ABSTRACT:
For heterogeneous rock specimen with initial random material imperfections in uniaxial plane strain compression, the effect of shear dilatancy on the failure process and stress-strain curve is numerically modeled using FLAC. For intact rock exhibiting linear strain-softening behavior beyond the occurrence of failure and then ideal plastic behavior, the failure criterion is a composite Mohr-Coulomb criterion with tension cut-off. Initial imperfection undergoes ideal plastic behavior beyond the occurrence of failure. The number of yielded elements within the specimen increases with dilation angle. Higher dilation angle causes no significant change in peak strength, slight changes to the post-peak stress-axial strain behavior, wider and steeper shear bands and more ductile stress-lateral strain curve in strain-softening stage because of the wider and steeper shear bands. At much higher dilation angle, the peak stress is slightly lower. It is possible that higher brittleness leads to earlier occurrence of failure. Strictly speaking, higher dilation angle leads to ductile post-peak stress-axial strain curve. This means that the contribution of the increase in shear band width exceeds the contribution of the increase in shear band inclination. The specimen with higher dilation angle has more apparent precursor to failure. The well-developed shear band inclination angle is closer to Arthur theory and is lower than Coulomb theory. Usually, Roscoe theory underestimates the well-developed shear band inclination angle unless dilation angle is much higher.
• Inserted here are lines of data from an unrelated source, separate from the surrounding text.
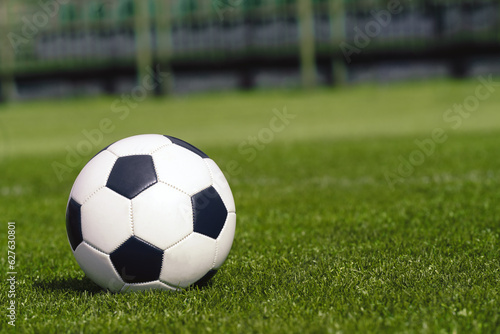 Football Ball on the Grassy Turf of the Stadium. Soccer Ball on Grass Soccer Field. Sports Pitch in Blurred Background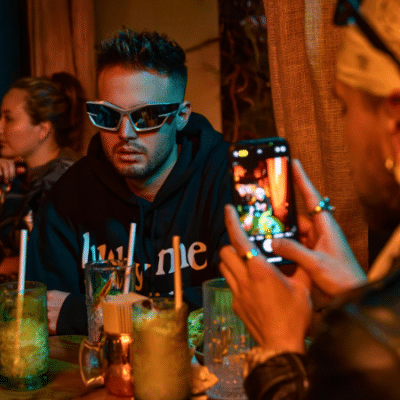 A man wearing sunglasses sits at a table with drinks, while another person snaps his photo with a smartphone—perhaps capturing content on how to make money on TikTok in the dimly lit setting.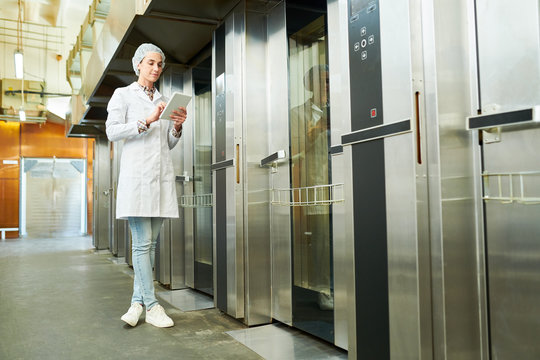 Confectionery factory employee in white coat standing near elevators and using tablet computer. 
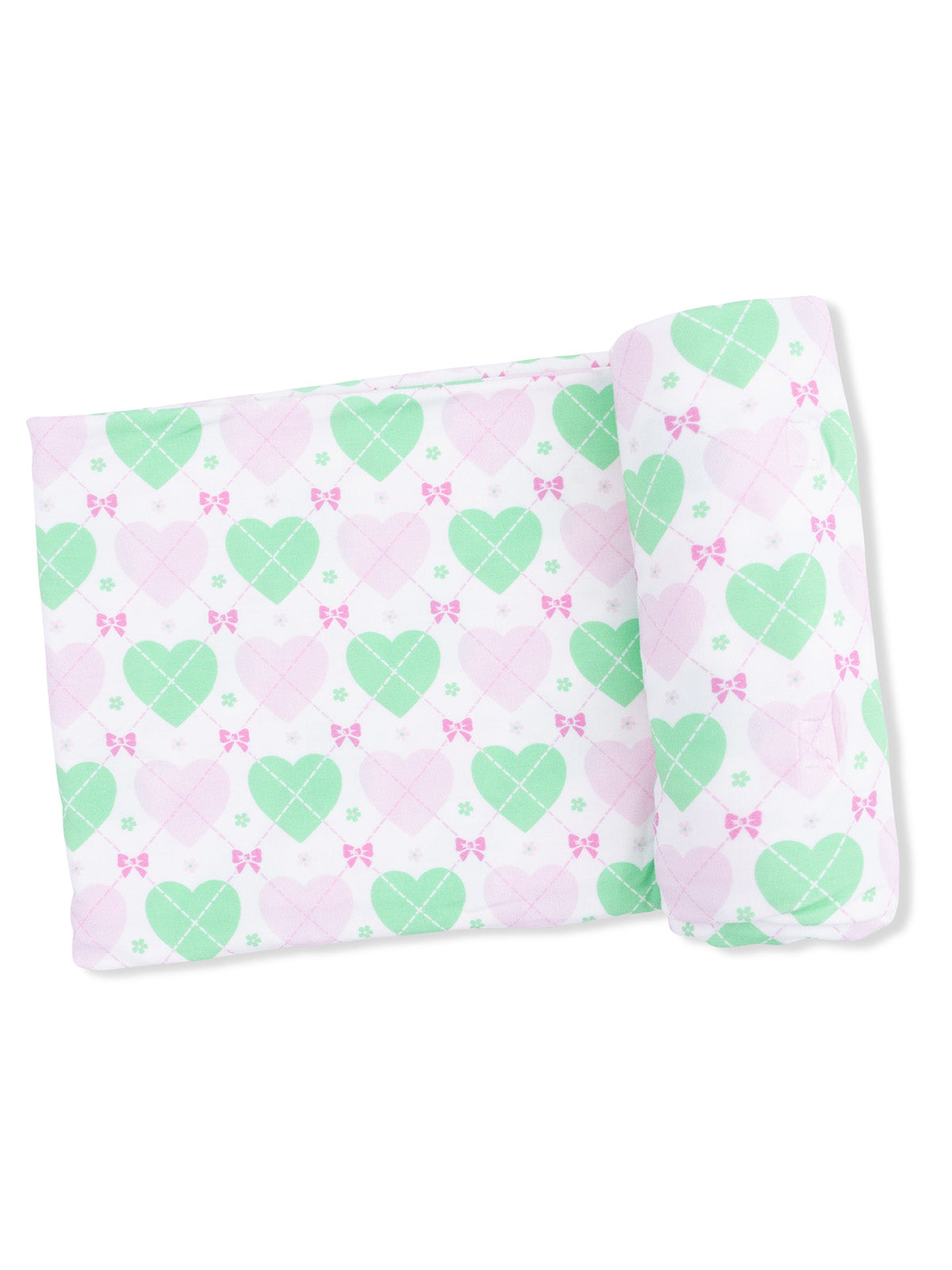 Decorative pillow with a pastel heart pattern in pink and green, featuring bows and floral motifs.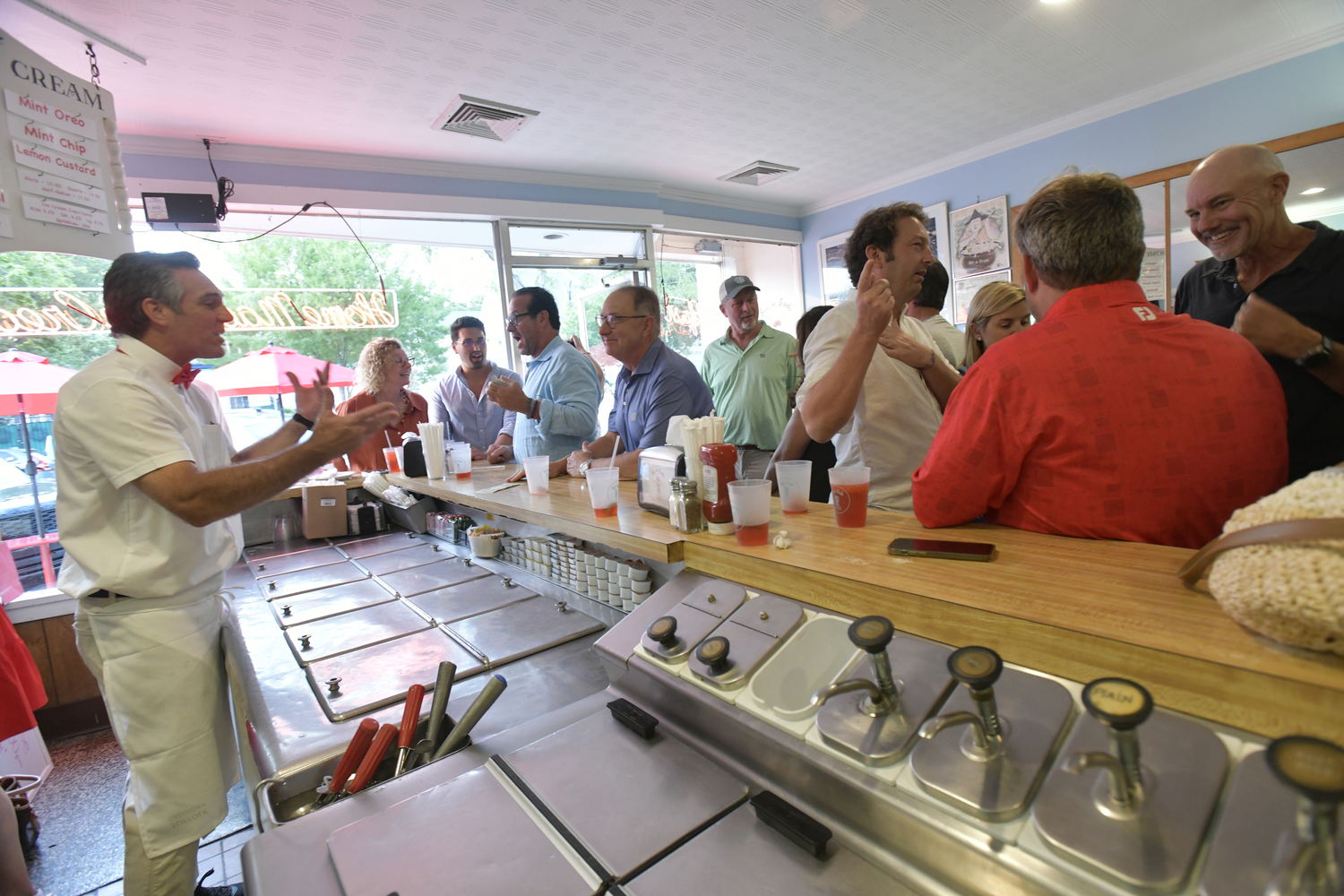 Mark Parash, owner of Sip’n Soda, chats with guests at the launch of the Cherry Lime Rickey syrup on August 3.     DANA SHAW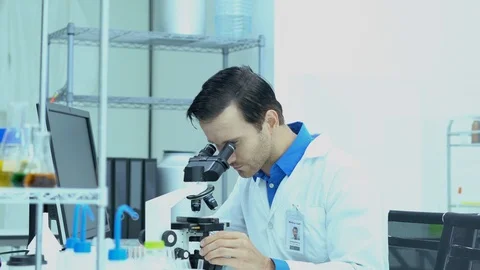 Portraits of scientists looking through microscope and observe in modern lab. Stock Footage 106856309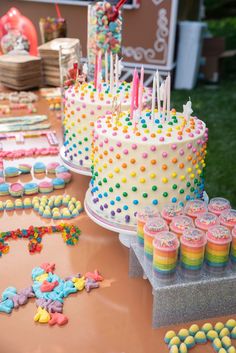 a table topped with lots of cakes and cupcakes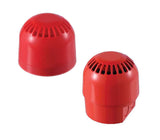 Two red electronic audible alarm units with vents on a white background.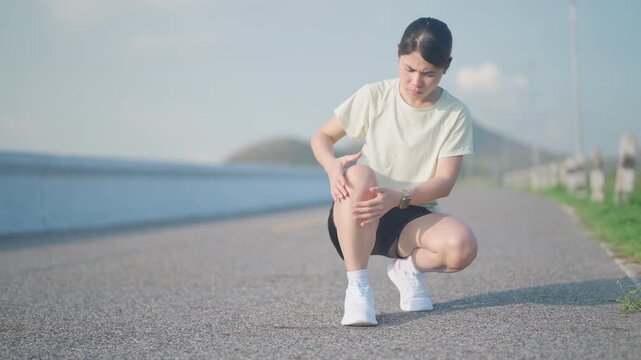 Young adult female runner with knee pain from ACL injury or patellofemoral syndrome. woman having joint ache, ligament tear or patellar tendinitis during running. Sports medical and healthcare concept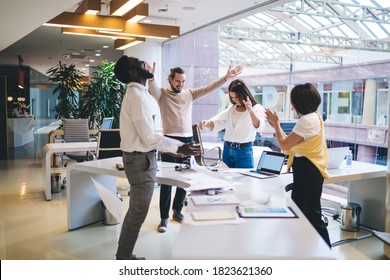Happy diverse male and female colleagues dressed in smart casual clothing celebrating completed project in office workspace, excited partners satisfied with brainstorming meeting for cooperation - Shutterstock ID 1823621360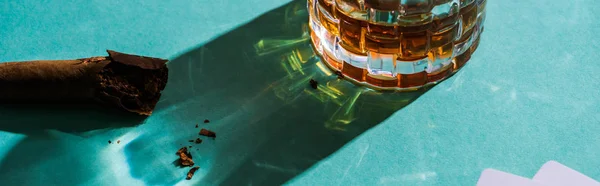 Panorâmica tiro de vidro em conhaque com charuto no fundo verde — Fotografia de Stock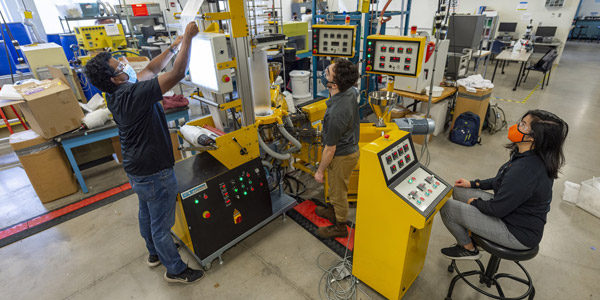 students testing a machine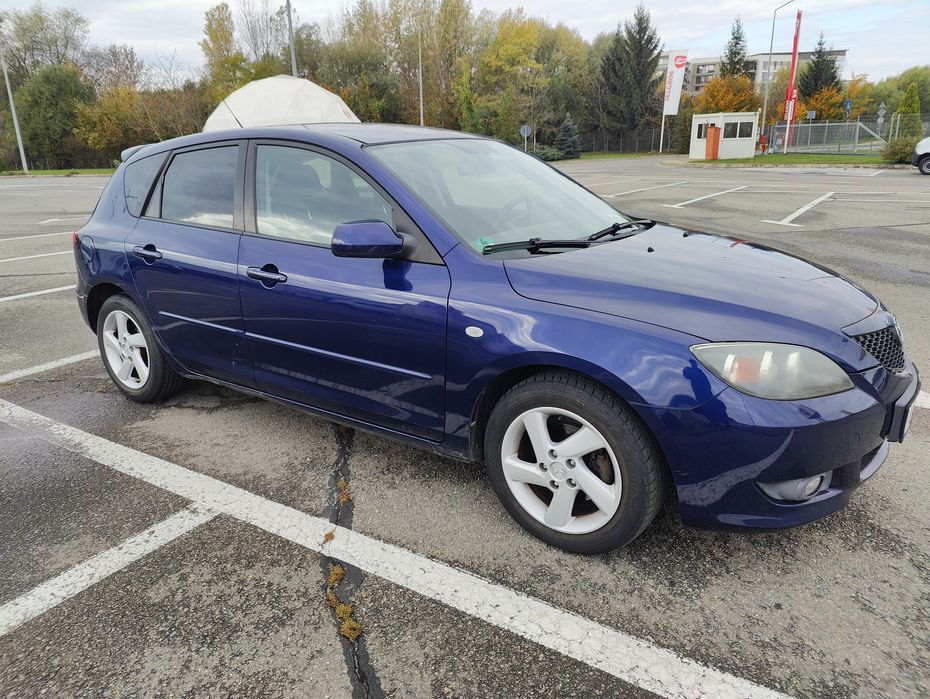 Mazda 3 1.6 benzina 2005 folie geamuri doua seturi de anvelope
At the same axial strain, higher dilation angle results in higher shear strain increment and higher volumetric strain increment in shear bands.
1 INTRODUCTION
Geomaterials such as rock and soil are heterogeneous materials. In compression, with an increase of axial strain, microcracking may occur in the vicinity of material imperfections, such as voids, pores and cracks. Further loading will result in the progressive coalescence of microcracks to eventually form the macroscopic fractures (Scholz 1968).